(Data extracted from a collection)
==*==
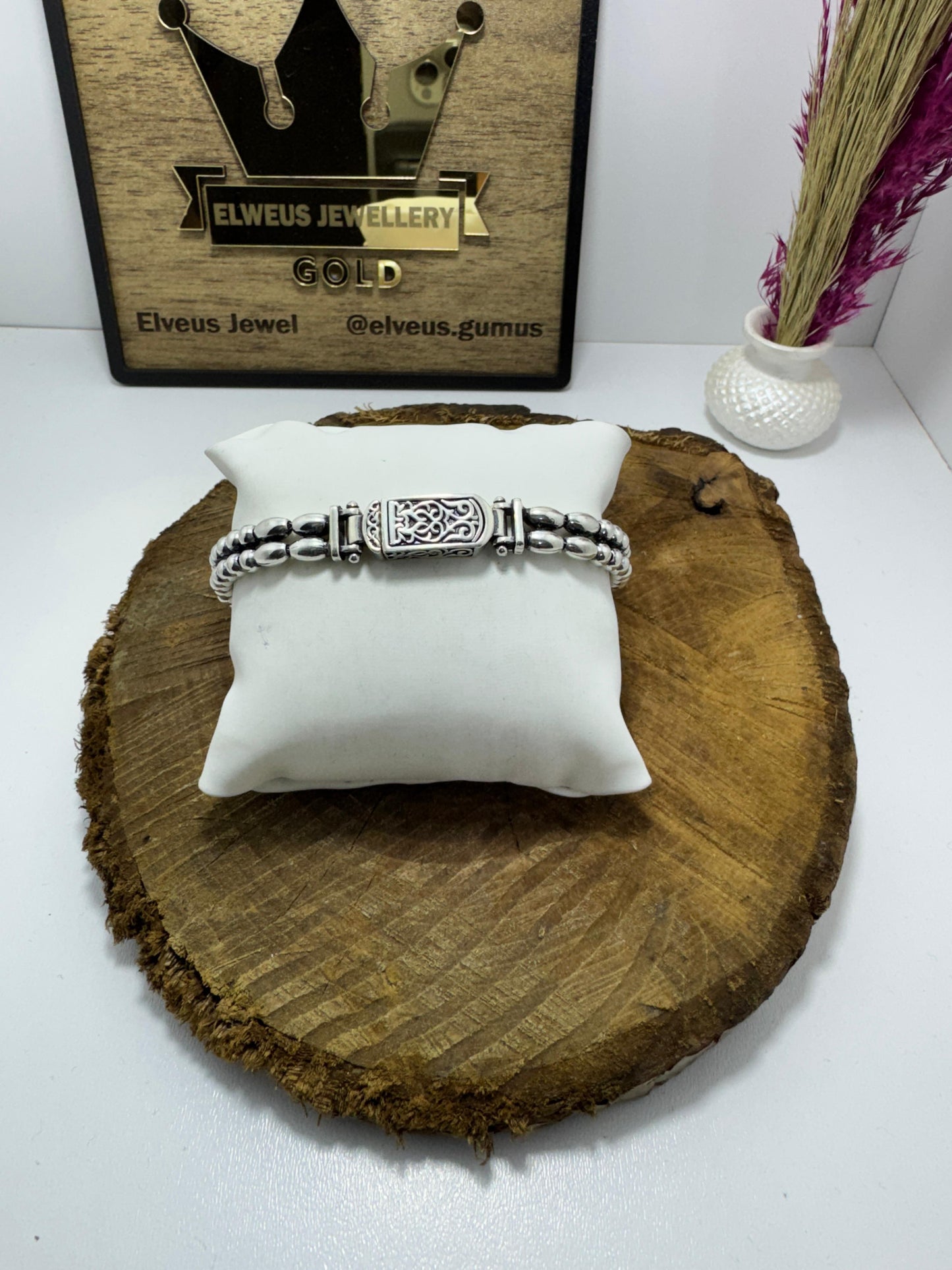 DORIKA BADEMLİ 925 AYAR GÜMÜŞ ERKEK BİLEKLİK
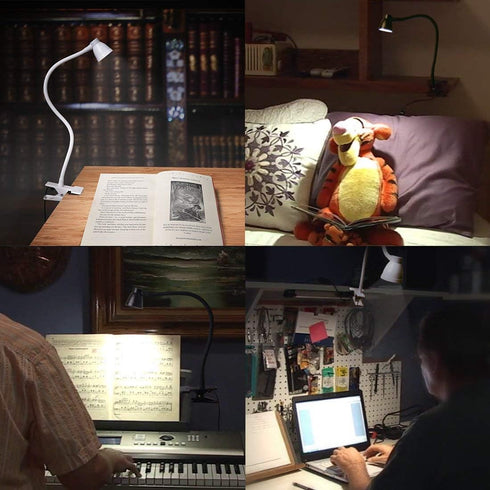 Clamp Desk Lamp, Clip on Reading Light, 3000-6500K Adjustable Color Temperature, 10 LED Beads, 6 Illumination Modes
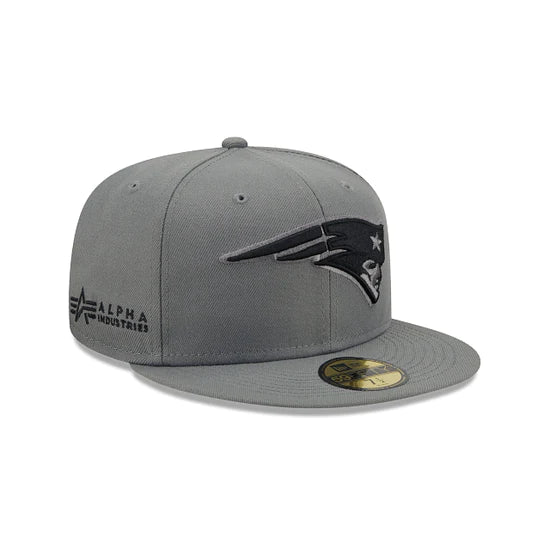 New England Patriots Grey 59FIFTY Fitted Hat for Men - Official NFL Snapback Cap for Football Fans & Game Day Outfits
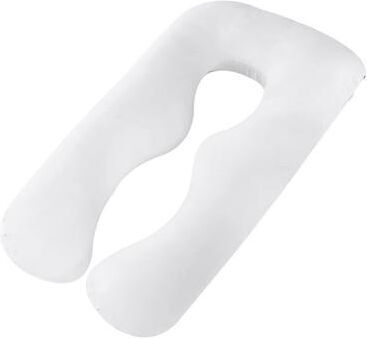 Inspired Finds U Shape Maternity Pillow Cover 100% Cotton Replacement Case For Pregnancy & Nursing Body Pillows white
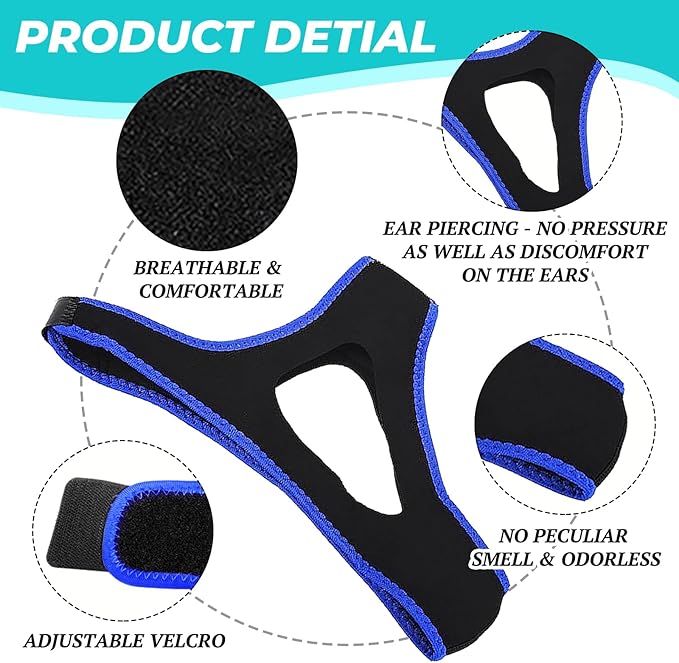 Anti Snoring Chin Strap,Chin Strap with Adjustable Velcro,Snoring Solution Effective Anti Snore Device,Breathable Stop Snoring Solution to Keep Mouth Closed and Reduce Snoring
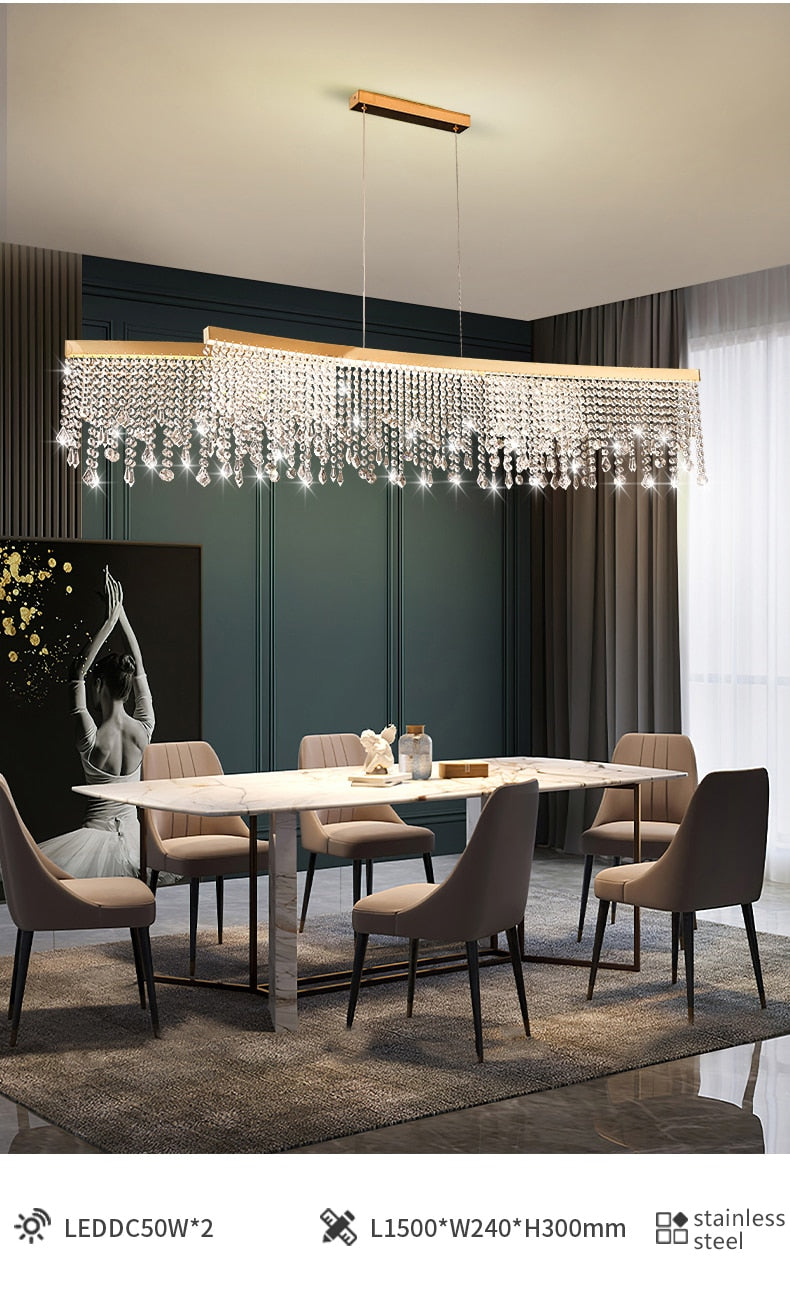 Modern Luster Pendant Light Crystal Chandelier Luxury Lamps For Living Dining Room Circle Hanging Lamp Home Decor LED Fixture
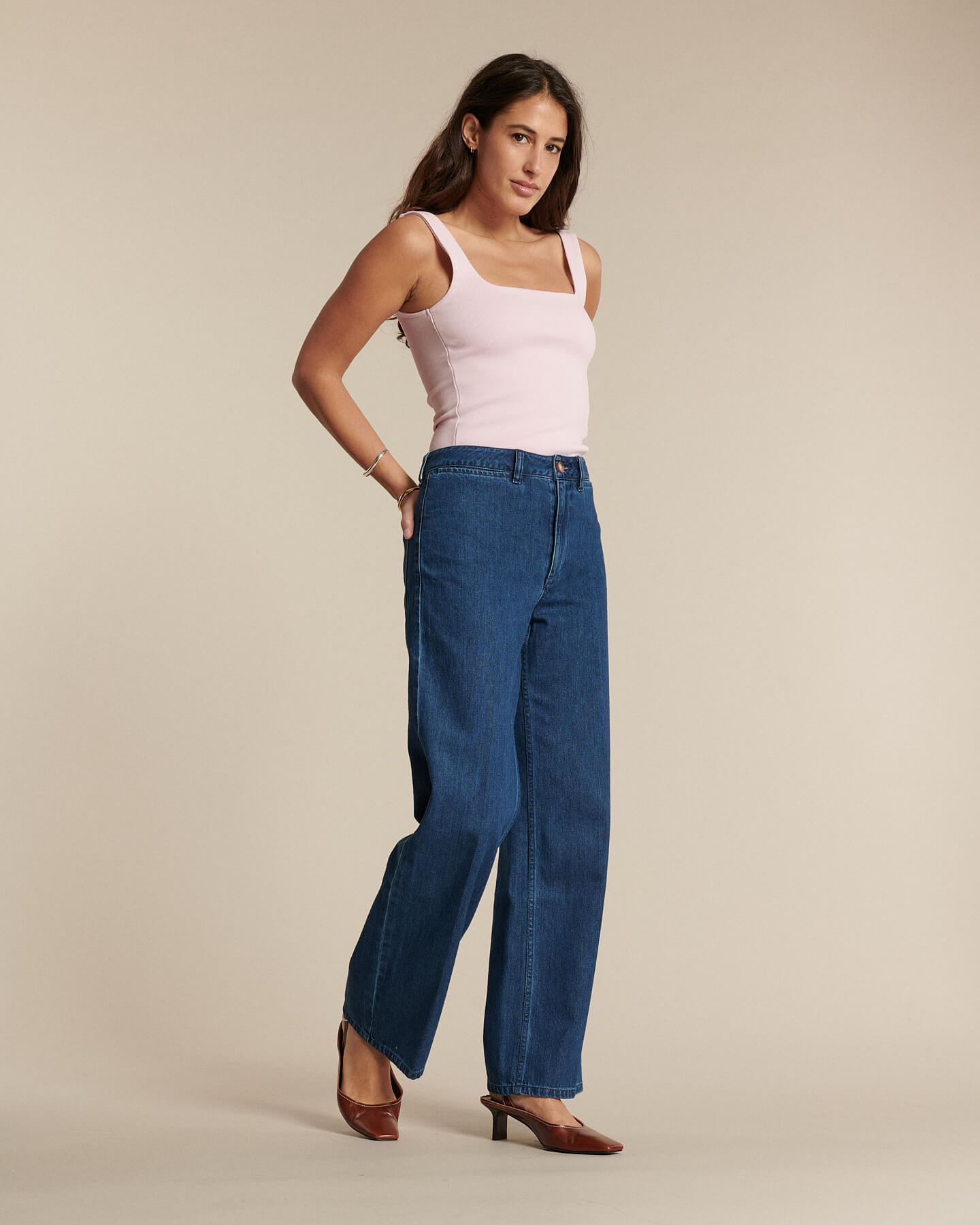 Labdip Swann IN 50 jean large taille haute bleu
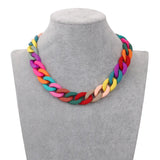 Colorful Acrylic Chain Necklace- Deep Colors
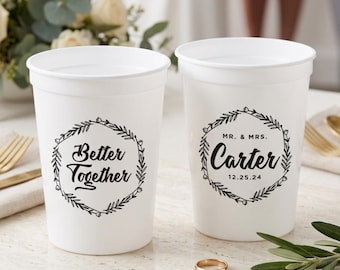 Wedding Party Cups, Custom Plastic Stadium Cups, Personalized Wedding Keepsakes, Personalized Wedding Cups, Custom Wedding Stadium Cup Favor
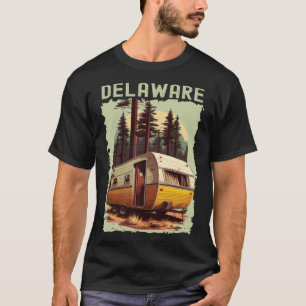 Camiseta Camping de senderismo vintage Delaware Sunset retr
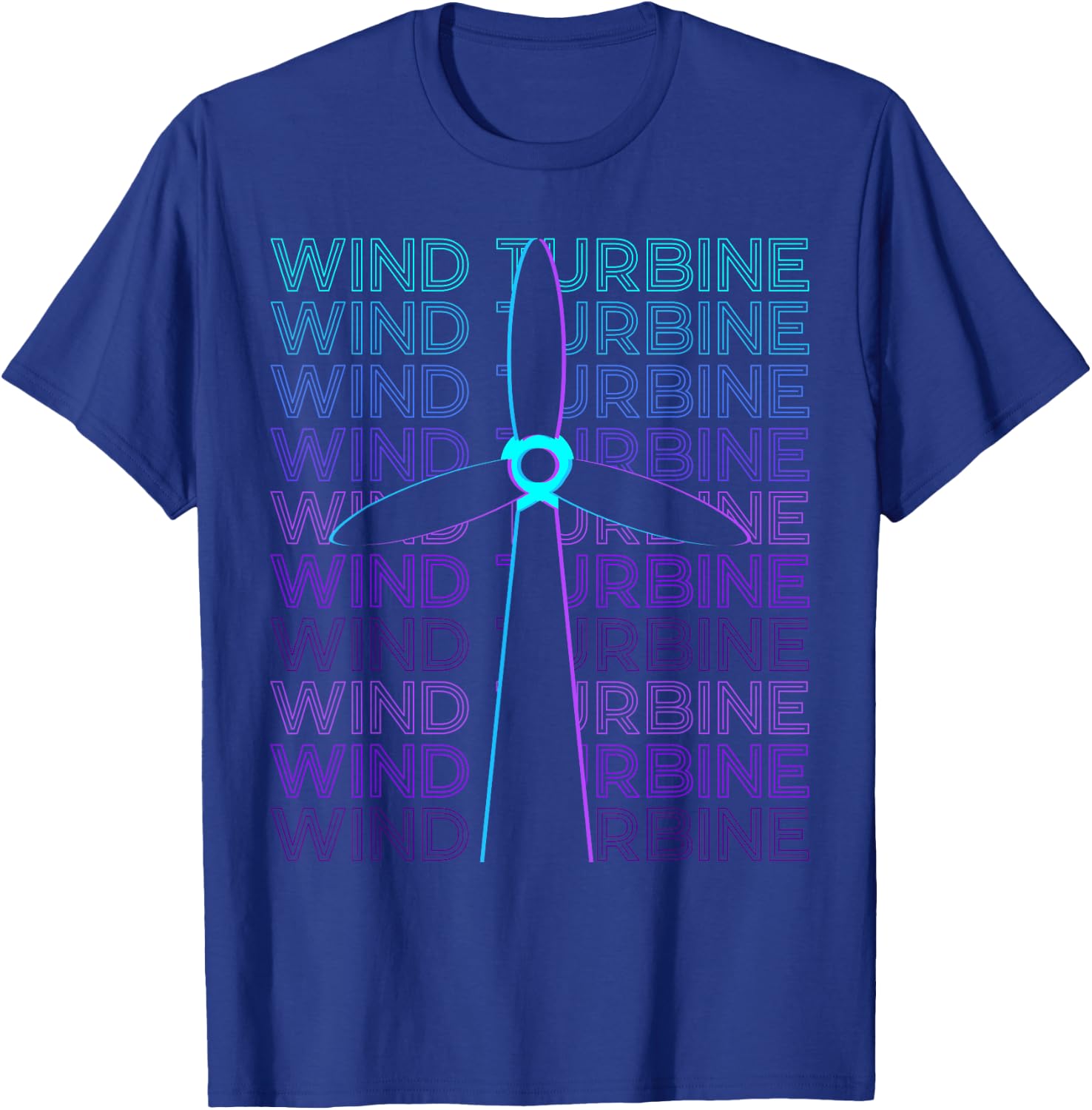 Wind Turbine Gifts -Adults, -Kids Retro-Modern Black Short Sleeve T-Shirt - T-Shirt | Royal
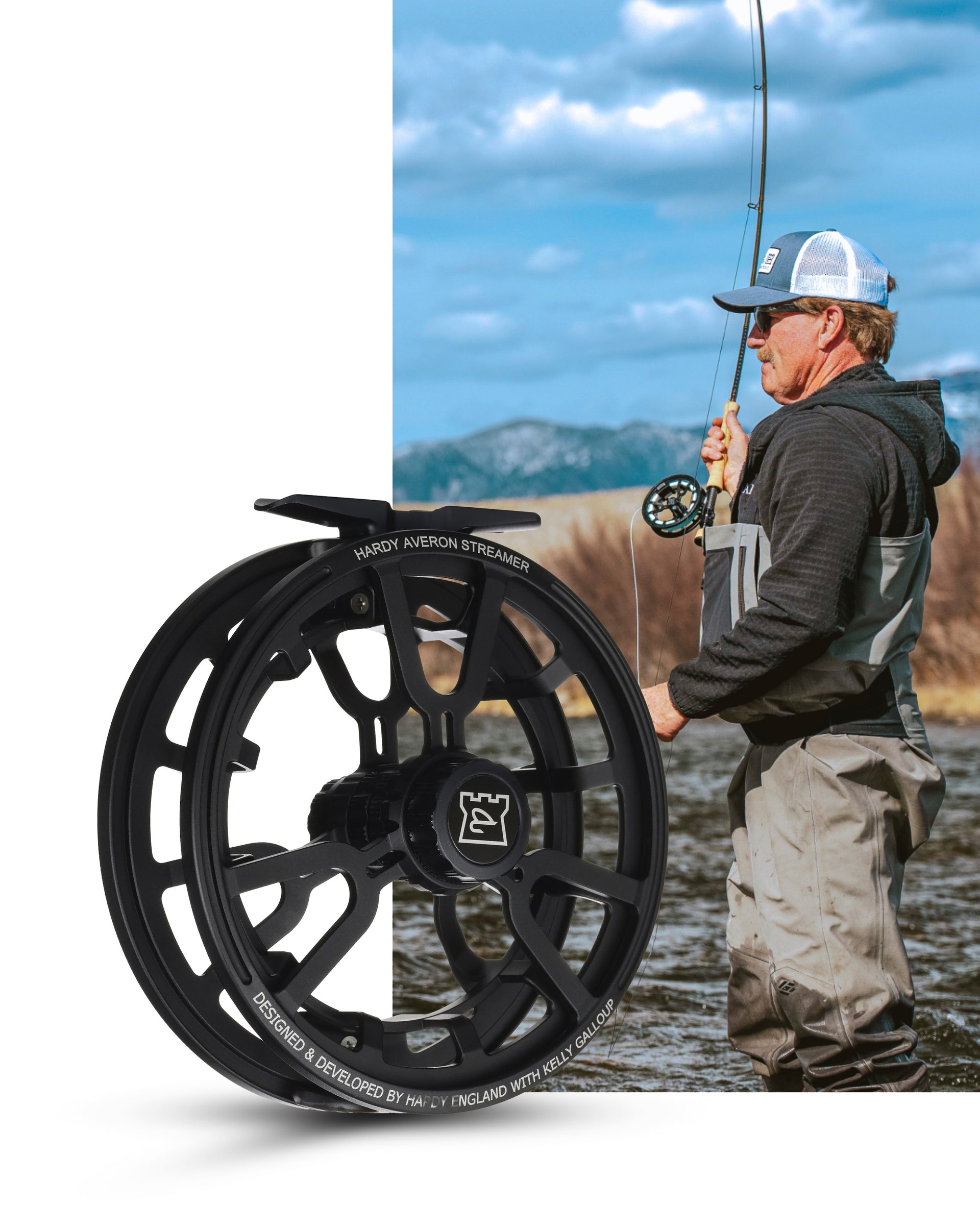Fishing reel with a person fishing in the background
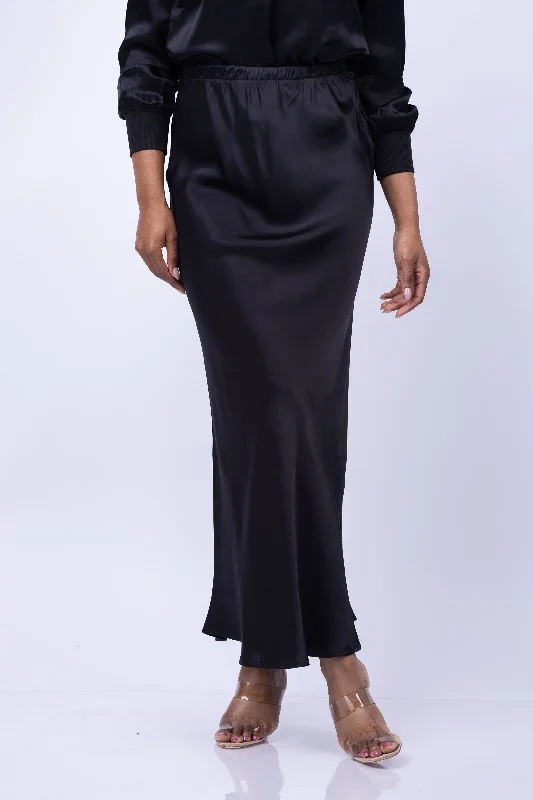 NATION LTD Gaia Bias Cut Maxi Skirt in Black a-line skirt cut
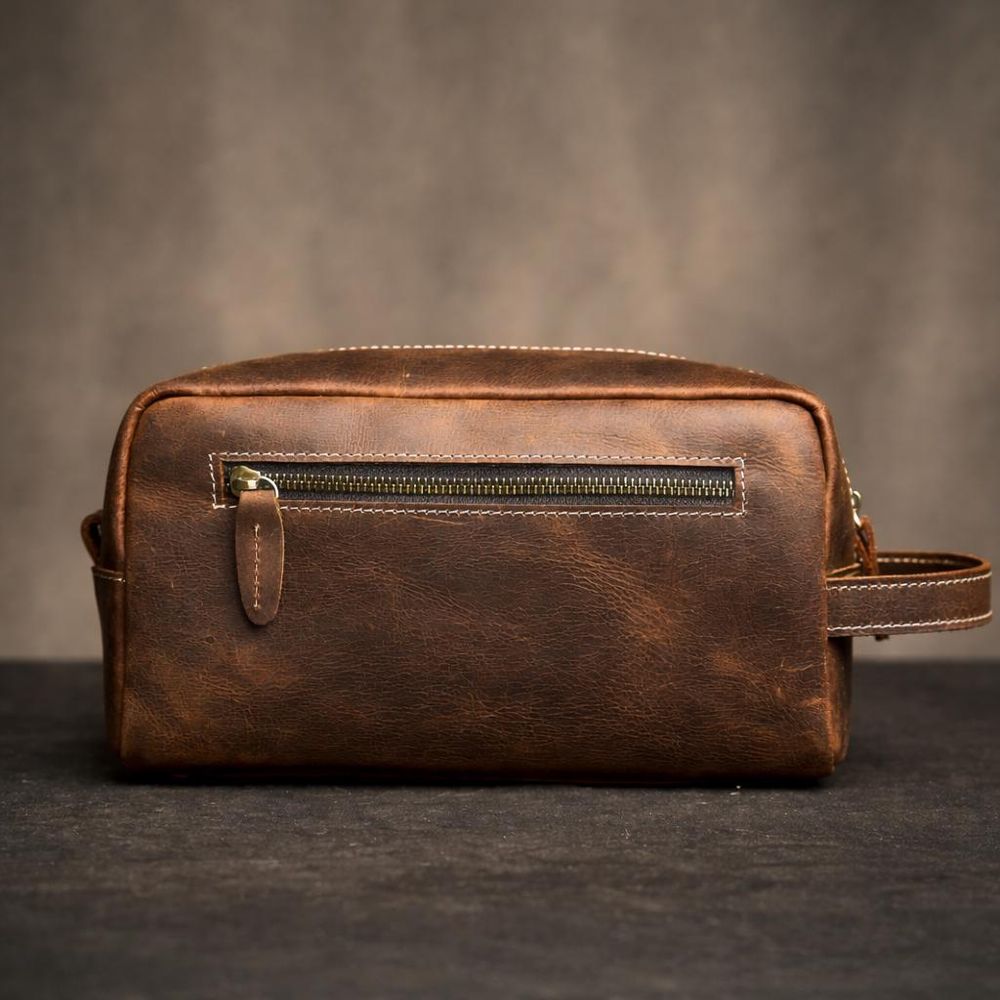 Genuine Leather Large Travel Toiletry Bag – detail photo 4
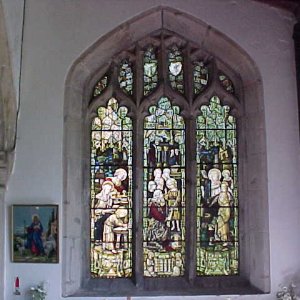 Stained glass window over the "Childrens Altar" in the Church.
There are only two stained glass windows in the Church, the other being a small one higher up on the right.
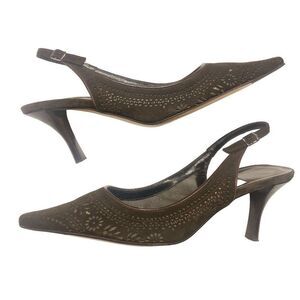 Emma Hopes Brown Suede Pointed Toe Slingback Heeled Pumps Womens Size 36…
==*==
**Problem statement:** Provide an exact copy of only the lines from the beginning of the entries through the line containing "Inspired Finds U", both ends included, with no pictures.

**Answer to this problem:**
 DORIKA BADEMLİ 925 AYAR GÜMÜŞ ERKEK BİLEKLİK
 Clamp Desk Lamp, Clip on Reading Light, 3000-6500K Adjustable Color Temperature, 10 LED Beads, 6 Illumination Modes
 New England Patriots Grey 59FIFTY Fitted Hat for Men - Official NFL Snapback Cap for Football Fans & Game Day Outfits
 Inspired Finds U Shape Maternity Pillow Cover 100% Cotton Replacement Case For Pregnancy & Nursing Body Pillows white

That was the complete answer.